Die Videogruppen bestanden zumeist aus Künstlern, Sozialarbeitern, Film- und Fernsehschaffenden, Studenten und Lehrern. Die ersten von ihnen engagierten sich in den konfliktbelasteten Stadtteilen der Ballungsgebiete, leisteten Verbraucheraufklärung und Öffentlichkeitsarbeit in vernachlässigten Bereichen der Sozial- und Gesundheitsfürsorge und bemühten sich um Kommunikationschancen für Minderheiten, die von den großen Medien vernachlässigt wurden.

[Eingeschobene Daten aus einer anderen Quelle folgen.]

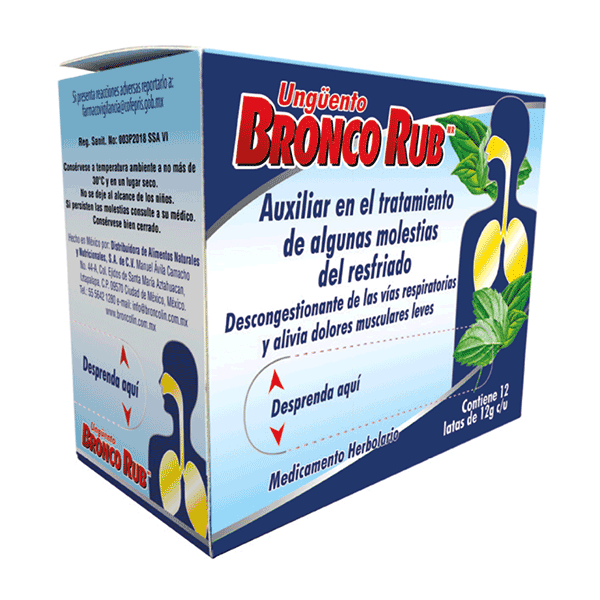 bronco-rub-caja-12-latas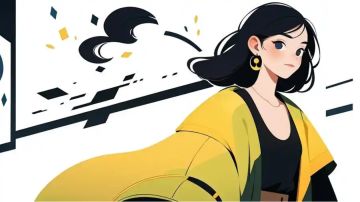 迷茫的萌新小白玩家不妨看看此贴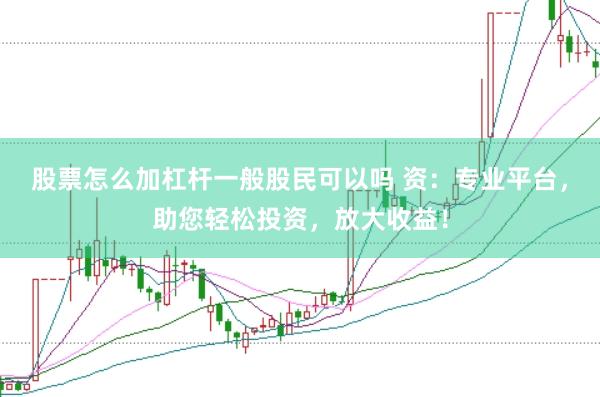 股票怎么加杠杆一般股民可以吗 资：专业平台，助您轻松投资，放大收益！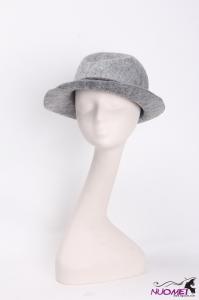 HS0060  fashion hats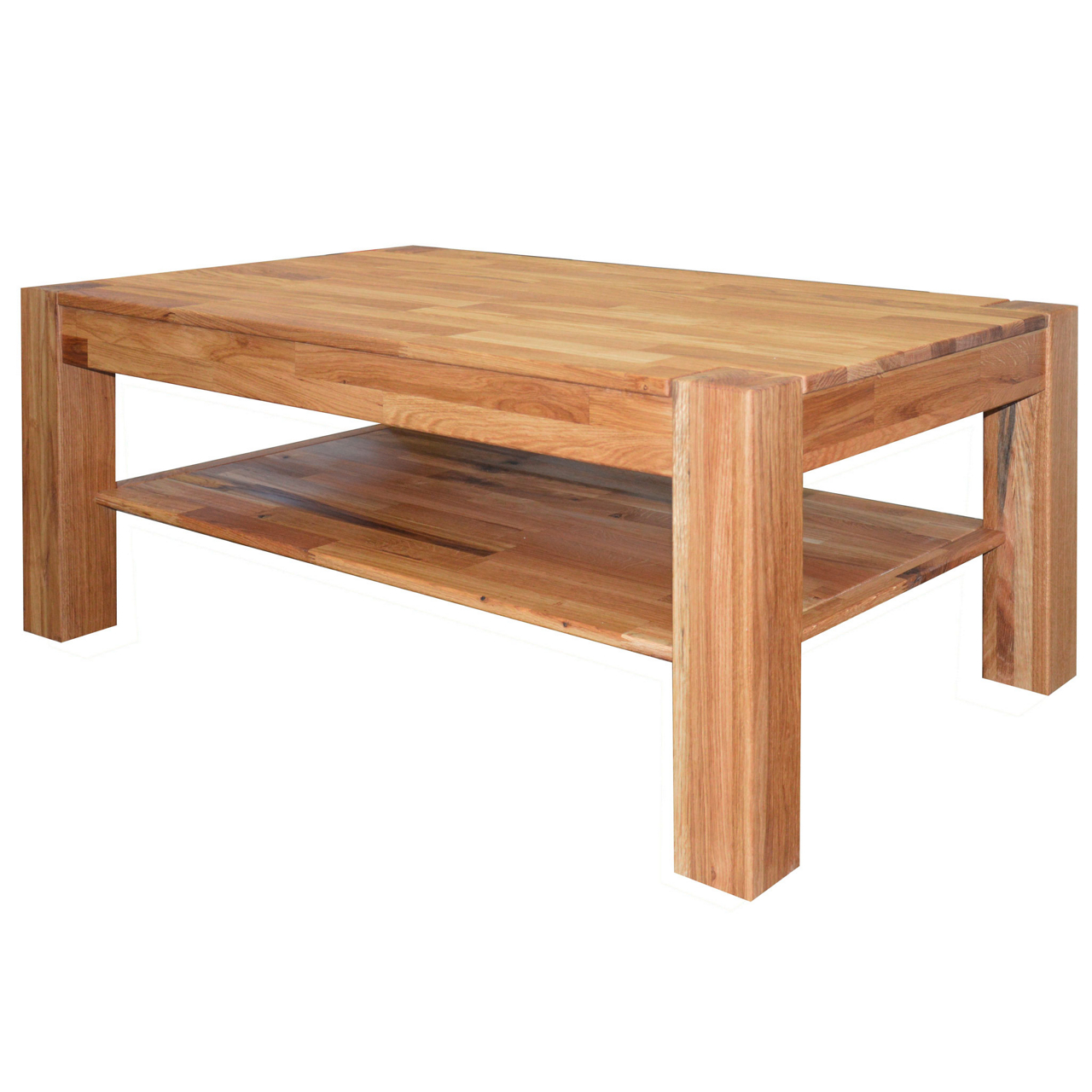  Couchtisch 111-002 undefined
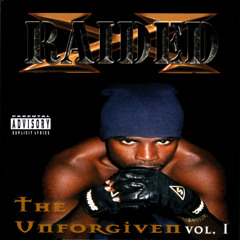 rap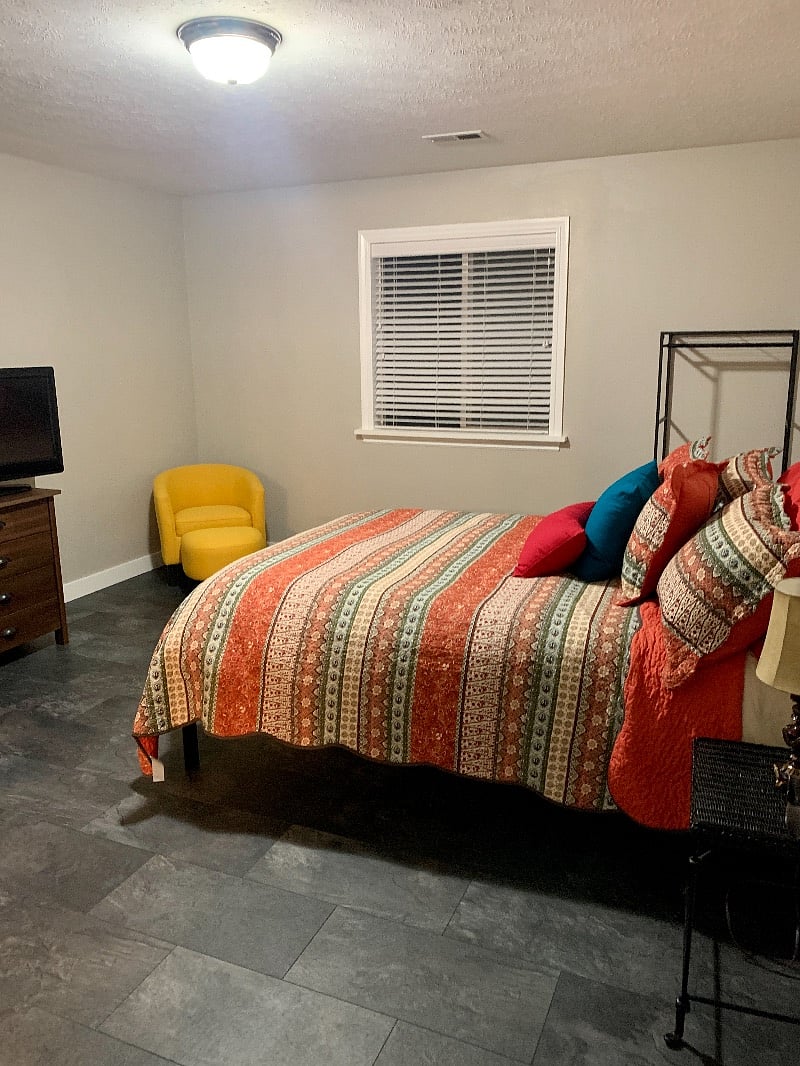 Furnished Finder property 276660_1 photo 8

Ihre Kritik wendete sich vor allem gegen „Big TV“, das Kommerzfernsehen der großen Networks, das ihrer Meinung nach die Alltagsprobleme der Bürger vernachlässigte.

Technisch perfekte Produkte waren nicht das Ziel (und wären mit der aus heutiger Sicht miserablen Aufnahmetechnik auch gar nicht möglich gewesen). Vielmehr waren die Videogruppen „prozessorientiert“: Die Diskussionen und Aktionen, die die Videoaufnahmen auflösten, sollten wichtiger sein als das Endprodukt. Videoarbeit sollte Interessensgruppen zusammenführen, die sich für soziale Veränderungsprozesse einsetzen – aus heutiger Sicht schwer nachzuvollziehen, dem damaligen Zeitgeist alternativer Gruppen aber durchaus entsprechend.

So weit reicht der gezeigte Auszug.